山賊
...申し訳ありません。
魔犬の前に佇む黒騎士。
「おかしい......」
片手に携えた槍には魔犬の物であろう血と肉片がこびり付いている。そして驚くべことに黒騎士の鎧に噛み跡が一つも無いのだ。通常、戦闘になれば鎧の何処かに傷が付く筈なのだが彼女の鎧にはそれが無い。つまり彼女は一度の反撃も許さずに一撃に魔犬を葬ったと言うことになる。当の本人も驚いている様子だ。
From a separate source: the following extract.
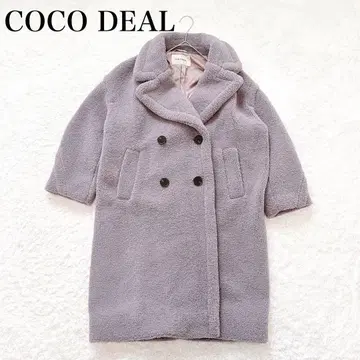 COCO DEAL 코코딜 테디베어 코트 퍼플 더블 브레스트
『ただ槍を横に振っただけでクソ犬がぐちゃみそになったことがか? オメェその身体に入る前言ったろ。大抵のやつは小指で倒せるぐらいぶっ飛んでるってな』
「...あれは何かの比喩かと思っていました......」
槍に付いた汚物を振り払うと魔犬だった物を見る。槍を一振りしただけで肉塊になってしまった。牽制で軽く振ったつもりだったのだが魔犬の骸の後ろの木々が重機に押しつぶされたかのように崩れていた。
「...ご主人様」
『何だ?』
「先の戦闘において鎧を装備していることで機動的な問題がある事を判明しました」
『だから脱ぎたいってか?』
「いえ、もし脱ぎ捨てて良いのであれば迅速に敵を排除する事が可能であると申し上げたかっただけですのでもしご主人様がこのまま戦えと言うのであれば私はそうします」
『分かってると思うがその鎧は特別製だ。その鎧を着ていればまずお前の正体はばれネェし声も男の声に変えることだって出来るんだぜ? それに重たいなら鎧に魔力を通して念じてみろ『軽くなれ』ってな』
「分かりました...魔力を開放...鎧に伝達......」
ご主人様に言われたとおりに魔力を鎧に流してみると全身を覆っていた鎧の一部が無くなり全体的に軽くなった。
ガサガザ
『...おい』
「分かっております」
自分の身体に気を取られて気付かなかった。
「嬢ちゃん。ここは嬢ちゃんみたいないい所の者が来るような森じゃねぇぜ?」
上半身裸の明らかに盗賊ですよって言う顔の男が森の中から錆びた剣片手に下卑た笑みを浮かべながら此方に近づいてくる。それを皮切りに私の逃げ場を潰すように私を中心に六人の盗賊が姿を現した。
「お頭! こいつかなりの上玉だぜ!」
「早く身包み剥がして楽しみてぇな」
こう言う場面では悲鳴を上げて逃げ惑うのが普通なのだろう。しかし、私の頭は自分の身体に備わっている能力の確認でいっぱいだった。はなから私には心が無い。殺されるかもしれない恐怖も自分の身体に超能力が備わっていると言う高揚もありはしない。だから、例え瀕死の状況があったとしても命乞いをすることもないしなくことも無い。
そう言う訳で―――
「―――能力の確認をさせて頂きます......」
「あ? ぐぁ!」
近づいてきた山賊の頭らしき者の頭を鷲掴みにし後ろで呆然としている山賊に放り投げた。
「お頭!」
「ひぃ!! ば、化け物!」
やっと状況を飲み込めたのか短剣や弩を私に向けた。しかし、その時にはすでに遅く山賊たちは何が起こったのか分からずにこの世を去っていくのであった。。